- [What you have to do]
Could the lines from the line bearing "Teri Deewani 2 Amit Gupta & Piyu Udasi" to the end of the records below be copied exactly, with the pictures left out and no other lines added?

- [Records for this task]
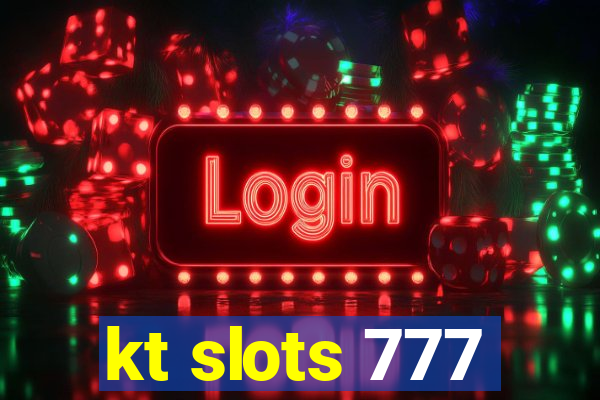 kt slots 777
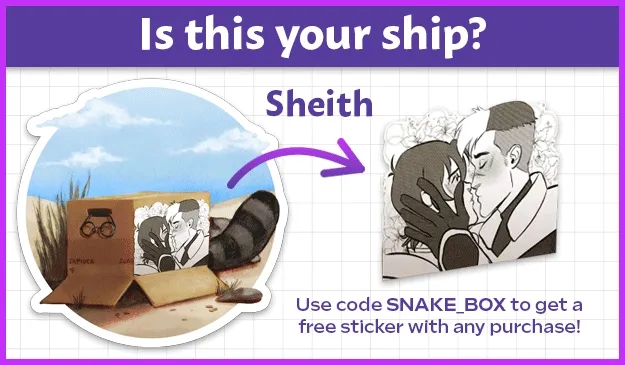 An animated advertisement for the "Cardboard Love" sticker. Across the top purple bar, white text says "Is this your ship?" Below, a circular sticker featuring an upside down cardboard box hides Boba-tan from view, her raccoon tail sticking out the back and her round glasses shoved through the hole at the front. The design on the side of the box switches through the four sticker designs. As it switches, the name of the ship and a close-up of the ship art also switch on the right side of the ad. The ships shown are Sheith (Shiro and Keith from Voltron), Jaspis (Jasper and Lapis Lazuli from Steven Universe), Reylo (Rey and Kylo Ren from Star Wars), and Thorki (Thor and Loki from the Marvel Cinematic Universe.) At the bottom of the ad, purple text reads  "Use code SNAKE_BOX to get a free sticker with any purchase! "
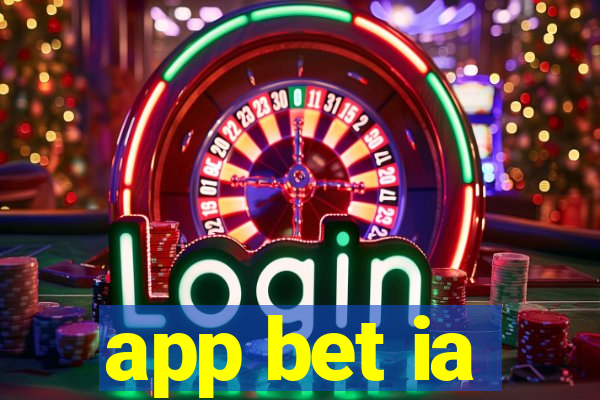 app bet ia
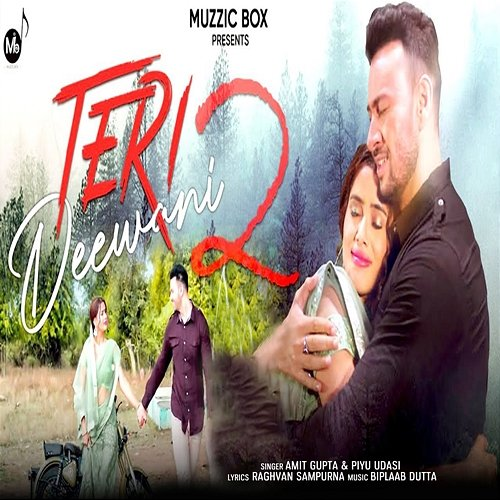 Teri Deewani 2 Amit Gupta & Piyu Udasi
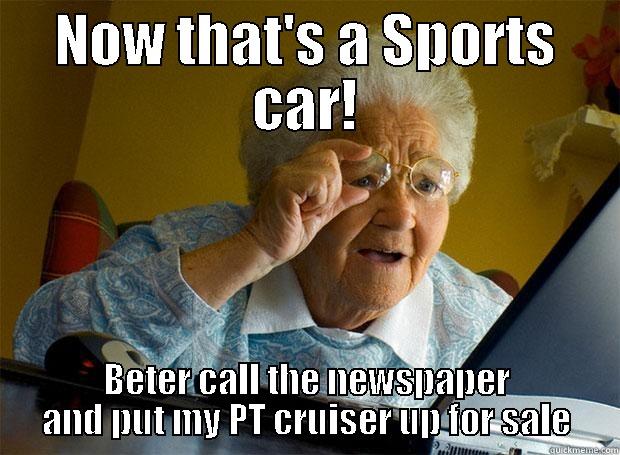 NOW THAT'S A SPORTS CAR! BETER CALL THE NEWSPAPER AND PUT MY PT CRUISER UP FOR SALE Grandma finds the Internet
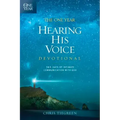 The One Year Hearing His Voice Devotional: 365 Days of Intimate Communication with God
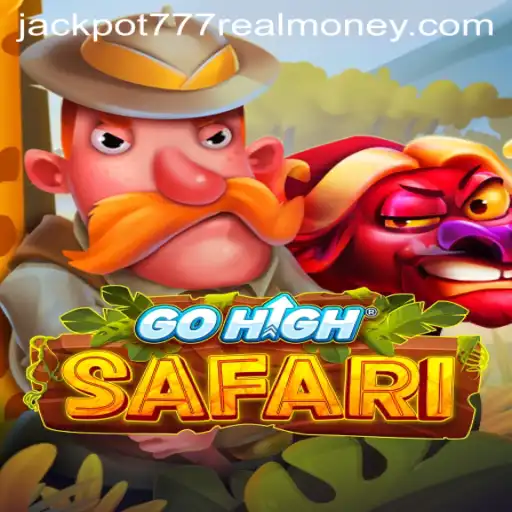 GoHighSafari: Experience the Thrill of Jackpot 777 and Real Money Excitement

- [Your solution]
 Teri Deewani 2 Amit Gupta & Piyu Udasi
 NOW THAT'S A SPORTS CAR! BETER CALL THE NEWSPAPER AND PUT MY PT CRUISER UP FOR SALE Grandma finds the Internet
 The One Year Hearing His Voice Devotional: 365 Days of Intimate Communication with God
 GoHighSafari: Experience the Thrill of Jackpot 777 and Real Money Excitement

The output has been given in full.